Supply chain issues, not profiteering, to blame for high prices, says pork industry report

Although the White House blames big meatpackers for driving up food prices, the real culprits are higher costs and labor shortages all along the supply chain, said a pork industry report on Wednesday. Four packers control 65 percent of hog slaughter in the United States, but the industry is less concentrated than it was five years ago.

Pork prices soared 15 percent in 2021, twice the overall U.S. inflation rate. President Biden says more competition in the highly consolidated meat industry will bring down prices at the grocery store. “In too many industries, a handful of giant companies dominate — dominate — the entire market. And we see it in Big Ag … Big Tech and Big Pharma,” said Biden at a meeting of his Competition Council earlier this week.

But the pork industry is less concentrated than some other sectors of the food industry, including breakfast cereals, beet sugar, and bottled water, said the three economists who wrote the report.

“Retail pork prices have increased rapidly due to strong demand for U.S. pork as well as added costs and labor shortages at every level of the supply chain,” said economists Dermot Hayes of Iowa State University, Barry Goodwin of North Carolina State University, and Holly Cook of the National Pork Producers Council.

As evidence, they pointed to price spreads at two points in the pork supply chain: the difference between prices at the farm and wholesale levels, and the difference between wholesale prices and retail prices. Packers operate at the meeting point between those price spreads.

“In recent months, farm and wholesale prices have fallen sharply while retail prices remain elevated,” said the report. “If packers were exercising market power to capture greater profits, one would expect the farm-to-wholesale price spread to grow and the wholesale-to-retail price spread to shrink. Instead, the opposite has occurred.” In the past six months, the farm-to-wholesale price spread declined 15 percent while the wholesale-to-retail spread “was up more than 35 percent over the same period due to added retailer costs and a potentially lagged response to high wholesale prices this summer,” the report said.

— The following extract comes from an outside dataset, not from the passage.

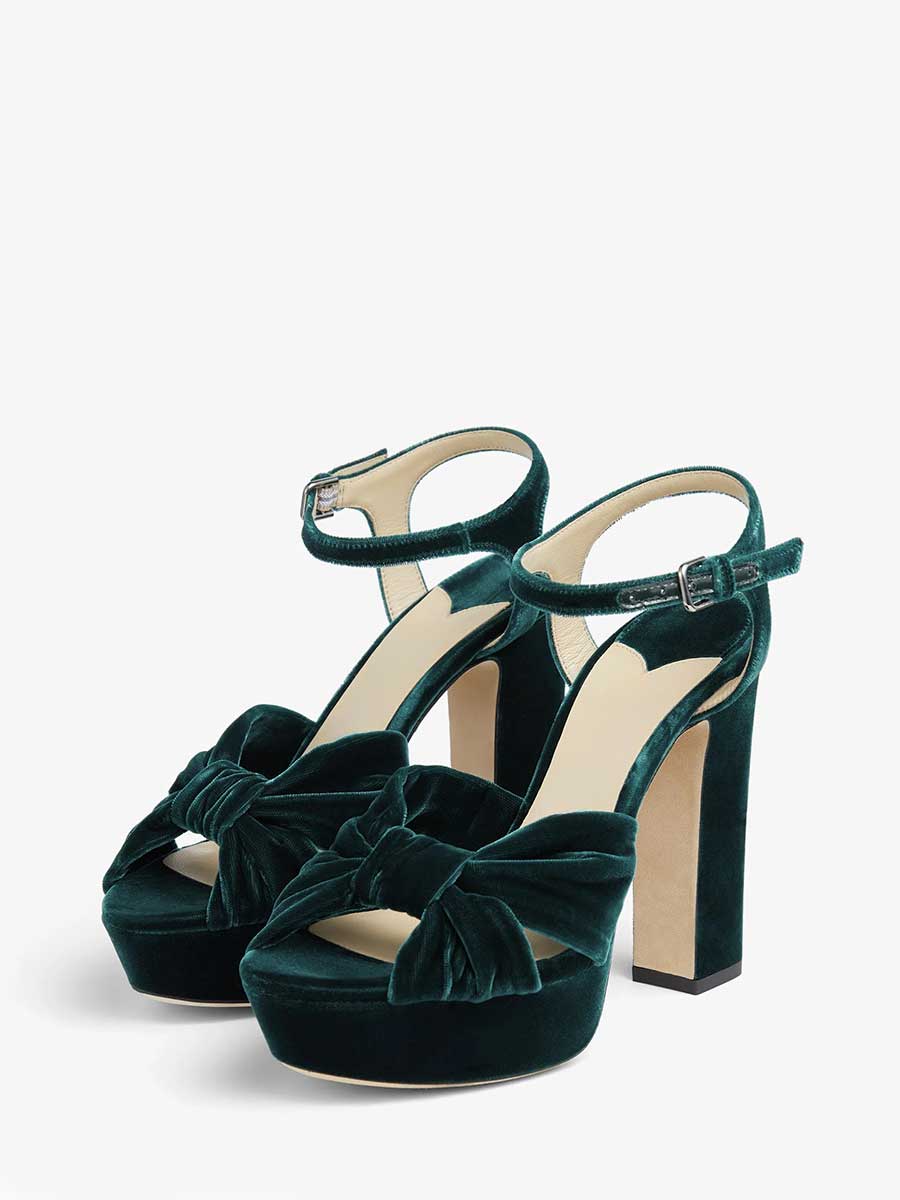 Green Velvet Knotted Chunky Heels Ankle Strap Platform Sandals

An economist not involved in the report said the widening of the wholesale-to-retail price spread “suggests supply chain issues and labor costs.”

Persistently high meat prices were the leading factor in food price inflation of 6.3 percent in 2021. The White House, in a blog last month, said meat prices were an example of “dominant corporations in uncompetitive markets taking advantage of their market power to raise prices while increasing their own profit margins.” Four large companies account for the bulk of cattle, hog, and poultry slaughter in the country, and leading processors have reported huge earnings increases for 2021, said the blog, written by Brian Deese and two assistants at the National Economic Council.

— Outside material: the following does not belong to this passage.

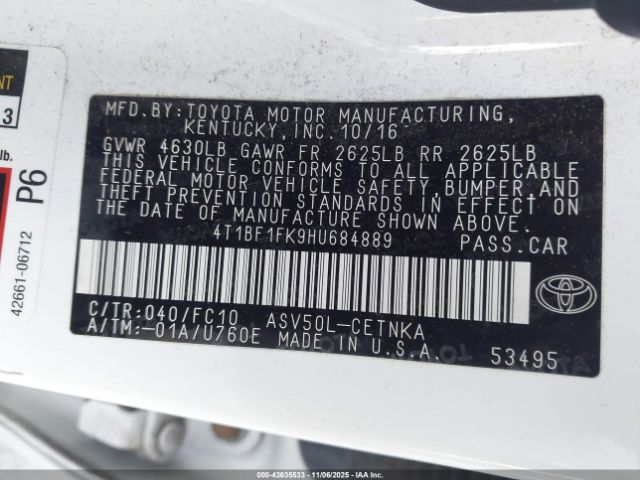2017 TOYOTA CAMRY 4T1BF1FK9HU684889 Photo 8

Tyson Foods reported net income of $3 billion in 2021, a 47 percent increase from 2020.

Higher meat prices have not dented U.S. meat consumption. Per capita consumption of red meat and poultry was a record 225.3 pounds per person — 9.8 ounces a day — in 2020, the first year of the pandemic, up nearly a pound from 224.4 pounds in 2019, according to USDA data. Consumption dipped slightly in 2021, to 223.8 pounds per person, and is forecast at 222.5 pounds this year. The previous record for per capita meat consumption was 220.2 pounds in 2004.